藤代: 平成の最後にお伝えしたい経済の見方をお示しします。

J.K.: この30年日本経済にとっては厳しかったのではないでしょうか?

藤代: 平成の幕開けは1989年。日本経済が異常に強かった年です。今でこそ日本人は慎重といわれていますが、当時の日本人は自信に満ち溢れ、失敗を恐れることなく大胆な投資をしていました。NYのロックフェラーセンタを買収したりして、日経平均株価も4万円に到達しました。

J.K.: 問題はその後ですよね・・・・。

藤代: 平成不況、失われた20年といった言葉で表現されるとおり、辛い経験をたくさんしました。その結果、日本経済は世界に置いていかれた、という認識が定着しました。この話はテレビ等で散々見聞きしていると思います。そうした際に裏付けとなるデータは、国全体の経済規模を表すGDPです。それが米国に大きく劣っていたり、中国に抜かれたりしたことをもって日本経済の不振が表現されます。

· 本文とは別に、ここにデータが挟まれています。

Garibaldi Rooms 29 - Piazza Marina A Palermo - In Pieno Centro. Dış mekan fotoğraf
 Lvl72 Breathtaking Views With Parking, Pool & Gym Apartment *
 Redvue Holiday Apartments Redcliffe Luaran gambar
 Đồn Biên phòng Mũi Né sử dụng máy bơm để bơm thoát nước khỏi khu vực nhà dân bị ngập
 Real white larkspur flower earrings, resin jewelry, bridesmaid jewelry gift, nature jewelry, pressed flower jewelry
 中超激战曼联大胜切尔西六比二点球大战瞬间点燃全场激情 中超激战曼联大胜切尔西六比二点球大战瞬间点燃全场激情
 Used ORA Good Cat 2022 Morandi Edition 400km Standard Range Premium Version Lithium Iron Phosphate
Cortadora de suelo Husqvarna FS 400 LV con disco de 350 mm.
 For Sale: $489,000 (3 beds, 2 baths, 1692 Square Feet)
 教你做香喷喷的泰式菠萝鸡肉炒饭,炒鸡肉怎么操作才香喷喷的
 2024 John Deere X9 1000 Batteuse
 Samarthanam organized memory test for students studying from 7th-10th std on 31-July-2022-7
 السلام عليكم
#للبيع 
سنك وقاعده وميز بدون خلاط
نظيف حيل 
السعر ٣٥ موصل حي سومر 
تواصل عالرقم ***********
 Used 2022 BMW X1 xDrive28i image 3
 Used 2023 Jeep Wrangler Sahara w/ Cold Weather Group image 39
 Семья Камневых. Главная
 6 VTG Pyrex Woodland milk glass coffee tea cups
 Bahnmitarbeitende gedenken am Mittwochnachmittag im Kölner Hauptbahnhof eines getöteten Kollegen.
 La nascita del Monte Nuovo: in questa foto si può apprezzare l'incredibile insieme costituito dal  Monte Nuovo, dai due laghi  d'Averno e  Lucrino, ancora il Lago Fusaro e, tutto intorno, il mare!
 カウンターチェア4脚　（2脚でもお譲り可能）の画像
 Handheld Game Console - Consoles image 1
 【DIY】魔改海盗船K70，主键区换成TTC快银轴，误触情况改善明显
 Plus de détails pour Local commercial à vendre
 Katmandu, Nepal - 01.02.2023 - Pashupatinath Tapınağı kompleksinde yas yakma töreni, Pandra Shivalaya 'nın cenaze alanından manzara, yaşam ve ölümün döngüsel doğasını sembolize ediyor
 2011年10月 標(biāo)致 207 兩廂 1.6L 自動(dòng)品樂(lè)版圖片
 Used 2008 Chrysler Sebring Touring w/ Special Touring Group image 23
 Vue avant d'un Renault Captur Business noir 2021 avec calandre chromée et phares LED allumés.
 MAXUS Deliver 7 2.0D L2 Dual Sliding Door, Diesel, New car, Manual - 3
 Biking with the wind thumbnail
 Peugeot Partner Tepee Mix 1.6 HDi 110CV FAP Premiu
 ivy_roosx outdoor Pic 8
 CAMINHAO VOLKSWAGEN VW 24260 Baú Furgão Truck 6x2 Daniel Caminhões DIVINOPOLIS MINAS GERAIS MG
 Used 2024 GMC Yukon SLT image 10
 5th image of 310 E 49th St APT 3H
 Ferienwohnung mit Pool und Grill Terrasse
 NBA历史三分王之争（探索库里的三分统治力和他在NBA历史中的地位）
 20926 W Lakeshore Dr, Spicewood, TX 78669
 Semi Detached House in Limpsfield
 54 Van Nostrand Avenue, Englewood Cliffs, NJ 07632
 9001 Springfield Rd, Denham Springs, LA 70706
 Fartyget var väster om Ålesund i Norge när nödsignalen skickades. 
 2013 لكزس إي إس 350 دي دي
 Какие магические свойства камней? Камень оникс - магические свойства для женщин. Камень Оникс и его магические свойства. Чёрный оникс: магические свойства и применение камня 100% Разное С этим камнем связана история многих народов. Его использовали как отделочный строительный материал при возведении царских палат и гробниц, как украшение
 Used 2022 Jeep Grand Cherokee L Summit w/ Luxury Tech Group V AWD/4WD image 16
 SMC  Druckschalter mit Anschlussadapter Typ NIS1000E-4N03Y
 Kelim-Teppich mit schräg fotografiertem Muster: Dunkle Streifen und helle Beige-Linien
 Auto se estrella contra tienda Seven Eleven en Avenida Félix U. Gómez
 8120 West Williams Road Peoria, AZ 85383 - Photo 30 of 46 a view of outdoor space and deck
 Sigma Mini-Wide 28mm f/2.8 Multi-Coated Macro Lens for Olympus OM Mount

J.K.: 30年間で経済は弱いというイメージが定着してしましましたね。

藤代: ただ日本と米国の一人当たり実質GDPをみると、日本経済が他国に比べ、大きなダメージを受けた様子は全くありません。1980年を100とした日本とアメリカの一人当たりGDPの成長曲線は、1980年代後半のバブル期に日本が大きく米国をリードした後、2000年代前半に追いつかれます。しかしそれ以降はほぼ互角の伸びを示しています。国全体のGDPは人口減少によって伸びていませんが、一人当たりのGDPでみた場合、日本経済の活力はほとんど失われていないというわけです。経済的視点で平成を振り返ると、高成長を謳歌した昭和に比べて暗い30年という評価が多いですが、普段とは別の視点で日本経済をみると「そもそも失われていない」のもまた事実です。もう少し自信を取り戻しても良いのでは?と思うことがあります。